§ ASSIGNED TASK:
Search each line of the data for the word "Used"; copy every line where it is found.

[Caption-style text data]
>>>
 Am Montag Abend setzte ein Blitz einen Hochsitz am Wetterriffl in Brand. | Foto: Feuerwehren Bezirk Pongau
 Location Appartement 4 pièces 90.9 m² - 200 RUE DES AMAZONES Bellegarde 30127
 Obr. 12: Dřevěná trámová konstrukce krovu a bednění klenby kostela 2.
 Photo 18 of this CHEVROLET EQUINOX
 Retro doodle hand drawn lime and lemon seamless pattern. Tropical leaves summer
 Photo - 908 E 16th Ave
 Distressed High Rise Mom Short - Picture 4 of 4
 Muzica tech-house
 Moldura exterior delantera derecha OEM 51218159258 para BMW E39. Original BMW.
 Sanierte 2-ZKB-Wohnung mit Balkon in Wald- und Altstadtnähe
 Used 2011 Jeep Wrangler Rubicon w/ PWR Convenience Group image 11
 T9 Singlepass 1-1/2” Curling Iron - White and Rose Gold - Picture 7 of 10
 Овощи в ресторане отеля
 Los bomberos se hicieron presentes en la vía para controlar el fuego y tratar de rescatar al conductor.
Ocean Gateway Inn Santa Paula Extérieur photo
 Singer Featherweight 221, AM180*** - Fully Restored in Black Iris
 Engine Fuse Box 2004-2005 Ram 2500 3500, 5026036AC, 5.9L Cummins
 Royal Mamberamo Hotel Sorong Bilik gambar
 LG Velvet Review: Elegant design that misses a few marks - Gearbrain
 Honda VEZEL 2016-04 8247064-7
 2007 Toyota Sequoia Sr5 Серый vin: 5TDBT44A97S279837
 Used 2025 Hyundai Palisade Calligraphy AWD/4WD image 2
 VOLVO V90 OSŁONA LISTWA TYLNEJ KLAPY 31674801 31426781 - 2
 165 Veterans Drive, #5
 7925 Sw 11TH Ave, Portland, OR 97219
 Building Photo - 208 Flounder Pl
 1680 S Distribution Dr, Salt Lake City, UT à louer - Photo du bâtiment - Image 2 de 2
<<<
§ EXERCISE SOLUTION:
 Used 2011 Jeep Wrangler Rubicon w/ PWR Convenience Group image 11
 Used 2025 Hyundai Palisade Calligraphy AWD/4WD image 2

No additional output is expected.